IGA Anti-Pattern: Role-Based Access Control
Identity governance and administration (IGA) solutions almost universally provide entities for bundling access (permissions and/or resources) provided by IT systems for assignment to users. Such entities may are usually called some variant of role, entitlement, bundle or package. The intention is to ease administration by reducing administrative surface area and providing users with items that are easier to request and review. Teams responsible for deploying and operating an IGA solution must develop a strategy for creating and managing these entities.
Even if the tools do not refer to these entities explicitly as roles, these entities resemble roles to the extent that they bring together users and access. Given that role-based access control (RBAC) is a well-known and effective concept within the authorization domain, it is natural for practitioners to gravitate toward RBAC modeling when planning such entities. Some vendors and professional services providers even provide specific methodologies for applying RBAC modeling to these entities. Yet treating these entities as roles almost invariably leads to undesirable, avoidable outcomes such as poor leverage, high volatility, excessive ceremony and ambiguous governance.
This anti-pattern typically manifests in three forms:
Cookie-cutter roles emerge from a top-down role design approach based on the formal organization structure, where groupings of people are pre-defined (such as by department, location or job function) and then access is assigned to resulting roles.
Building-block roles are hierarchical, often formed from a bottom-up role design approach, where coarse-grained roles are aggregations of multiple fine-grained roles.
Workforce classification could be characterized as a middle-out role design approach, where seemingly ad hoc groupings of people (often based on reporting hierarchy) who possess similar access are combined into roles.

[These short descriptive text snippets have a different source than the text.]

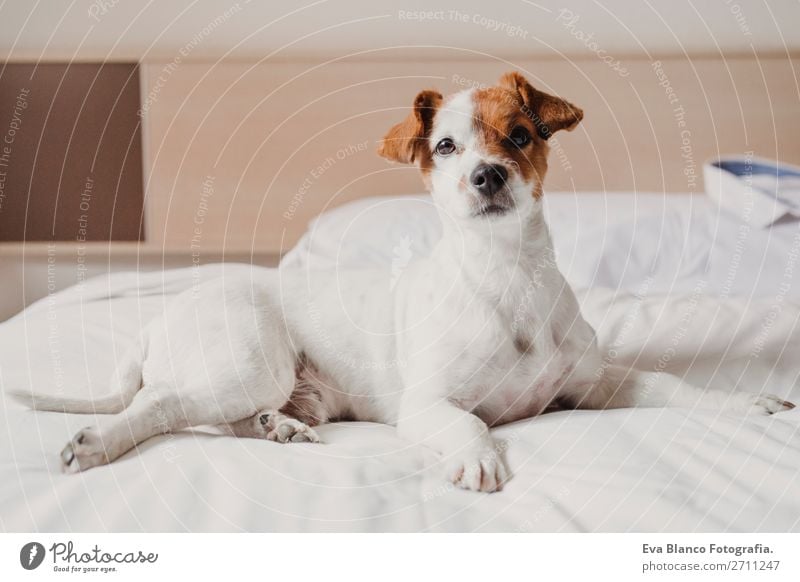 süßer kleiner Hund auf dem Bett liegend. Haustiere in Innenräumen. Entspannen elegant Freude Gesicht Erholung Büro Tier Accessoire Liebe schlafen lustig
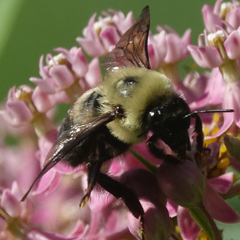 Bombus griseocollis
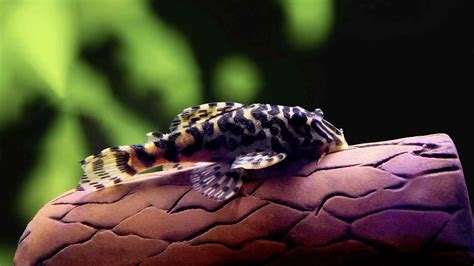 Leopard Frog Pleco L134 Pleco Care Size Lifespan Breeding And More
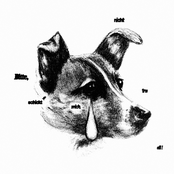 BITTE, SCHICKT MICH NICHT INS ALL!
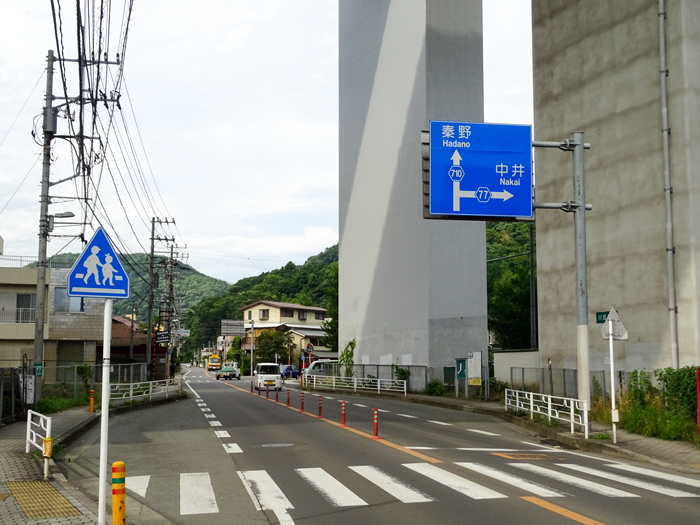 DSC02116.jpg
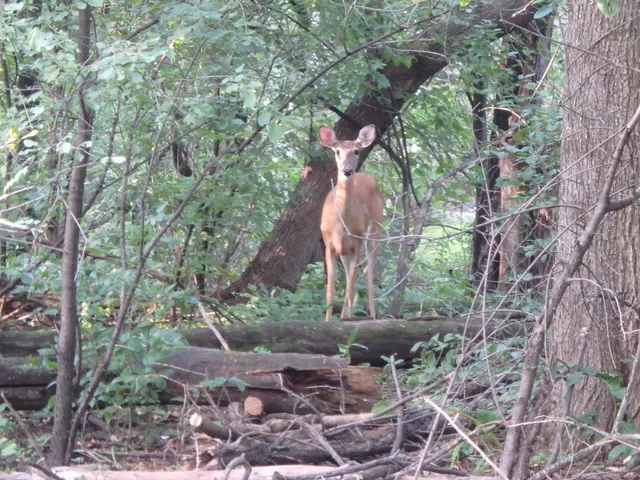$415,000 | 15320 Highwood Drive, Minnetonka, MN 55345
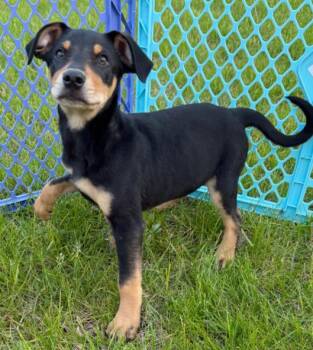 Stevie -  Mixed Breed Dog for Adoption in Homewood, Illinois - Stevie | PetCurious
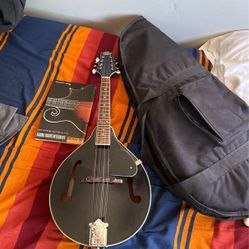 Rogue Mandolin
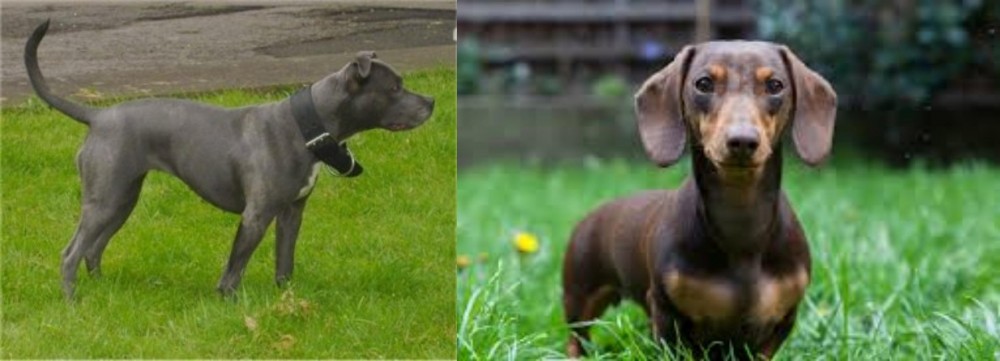 Miniature Dachshund vs Irish Bull Terrier - Breed Comparison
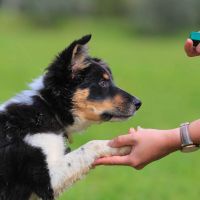 Hondenoppas Leidschendam: Dani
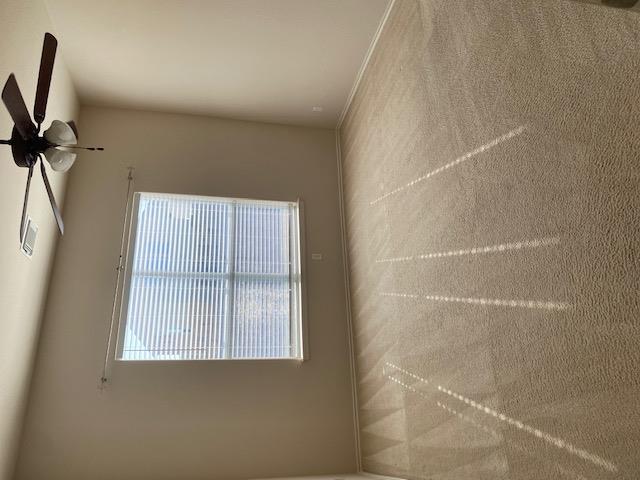 3709 Pine Needle Cir, Round Rock, TX 78681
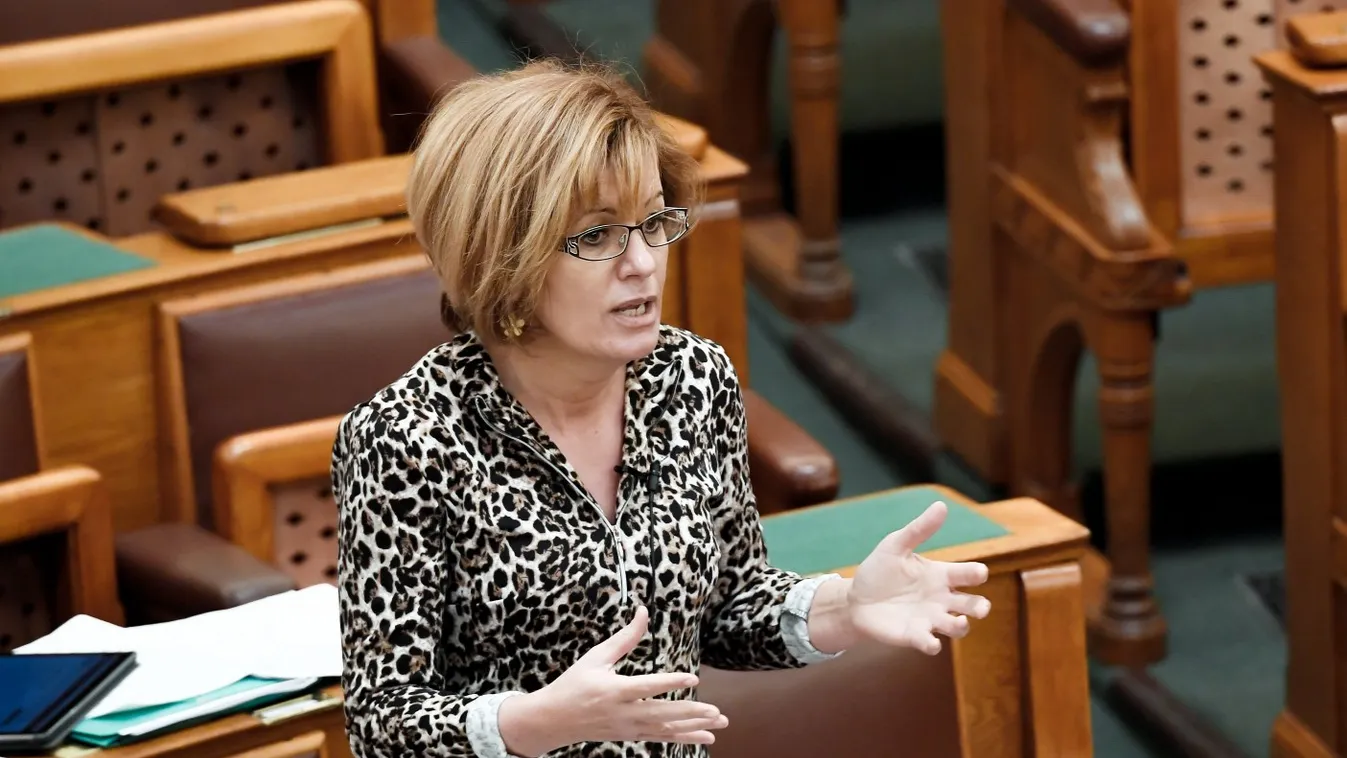 Aláírásgyűjtés indult a patkányozó Bangóné Borbély Ildikó lemondásáért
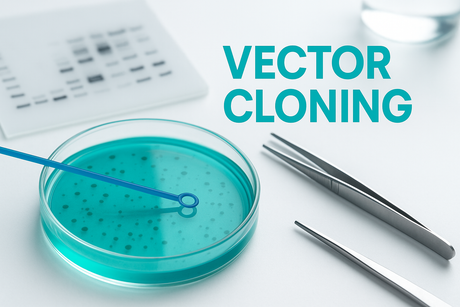 Vector Cloning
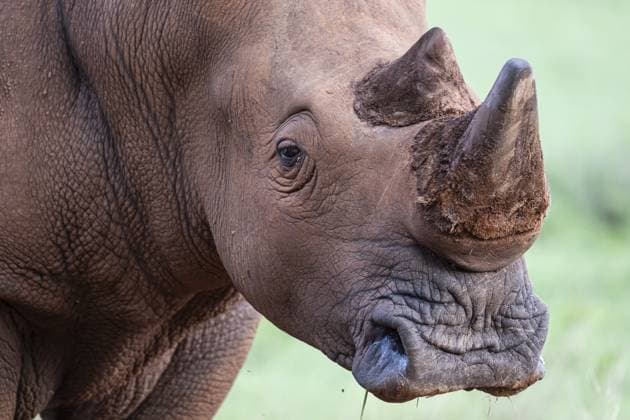 Breitmaulnashorn (Ceratotherium simum), Qwabi Private Game Reserve, Biosphärenreservat, Limpopo, Südafrika White rhino (Ceratotherium simum), Qwabi Private Game Reserve, Biosphere Reserve, Limpopo, South Africa, Africa Copyright: imageBROKER GünterxLenz ibxglf12672689.jpg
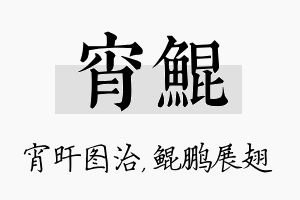 宵鲲名字的寓意及含义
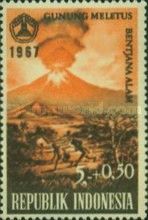 National Disaster Fund - Volcan Ljen (Java)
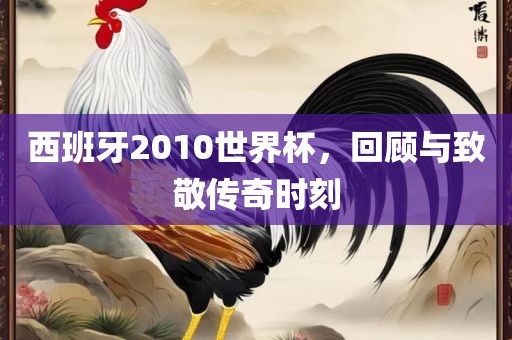 西班牙2010世界杯，回顾与致敬传奇时刻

The nature of unnecessary challenges presented by RBAC in the context of IGA will differ based on the specific manifestation — building-block roles, although still painful, can perform marginally better than the others. The antidote is to recognize that IGA is a distinct problem domain from authorization — although IGA is used to manage authorization systems, it is not an authorization system itself beyond the need to control what actions users are allowed to do within the tool itself. This is the reason for the Declarative IGA information model to eschew the use of the term role for these entities in favor of entitlements and teams.
For years, RBAC has served as a straightjacket for practitioners, preventing them from achieving high leverage, low volatility, minimal ceremony and proper governance. A more productive approach is the two-layer structure that is at the heart of policy-driven administration:
Entitlements bundle together cohesive sets of permissions and/or resources that are assigned as a unit to enable desirable access within a specific application
Teams are groupings of identities that are meaningful from a policy perspective
RBAC in the context of IGA is a variant of the Golden Hammer anti-pattern in software development.